**The data**.

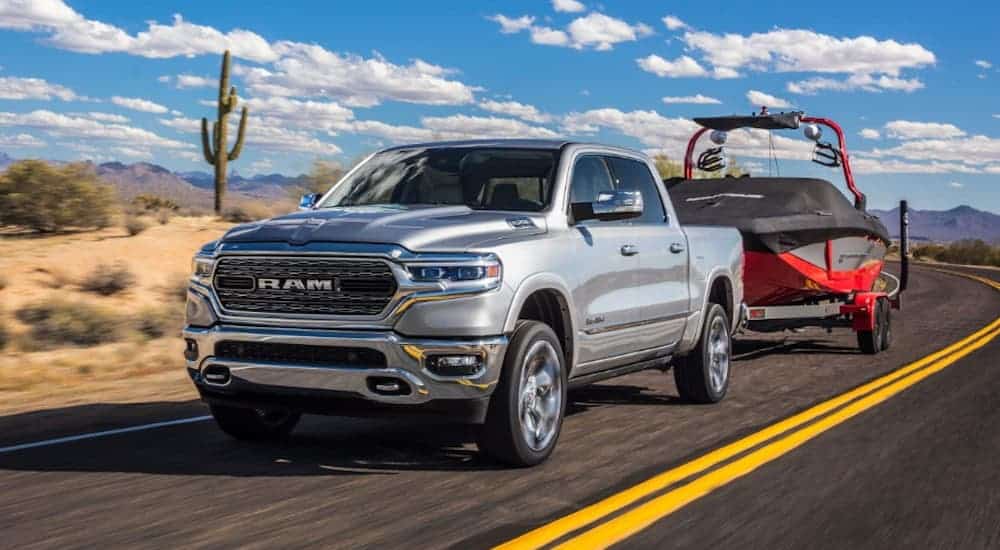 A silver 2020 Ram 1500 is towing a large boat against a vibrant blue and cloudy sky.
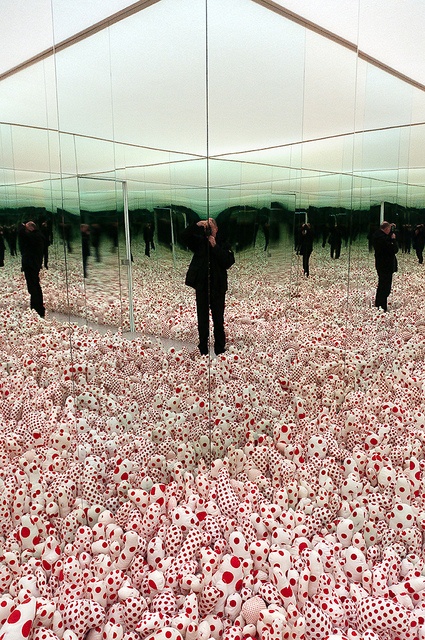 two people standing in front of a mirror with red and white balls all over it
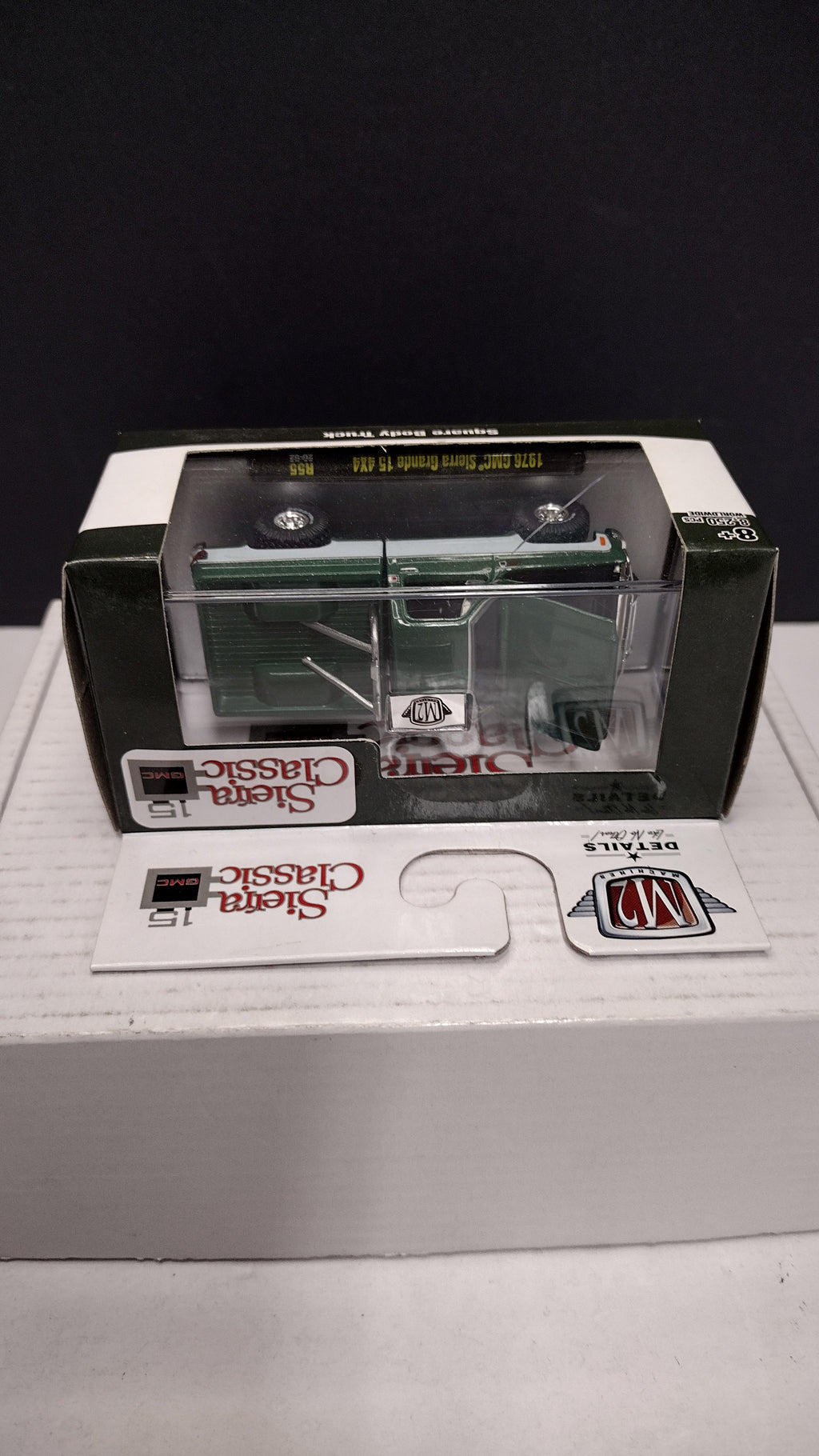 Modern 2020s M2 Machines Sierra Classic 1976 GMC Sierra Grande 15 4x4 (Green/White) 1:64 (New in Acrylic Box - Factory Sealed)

**Prompt**. Copy the material above in full and exactly, skipping pictures.

**Result for this exercise**.
 A silver 2020 Ram 1500 is towing a large boat against a vibrant blue and cloudy sky.
 two people standing in front of a mirror with red and white balls all over it
 Modern 2020s M2 Machines Sierra Classic 1976 GMC Sierra Grande 15 4x4 (Green/White) 1:64 (New in Acrylic Box - Factory Sealed)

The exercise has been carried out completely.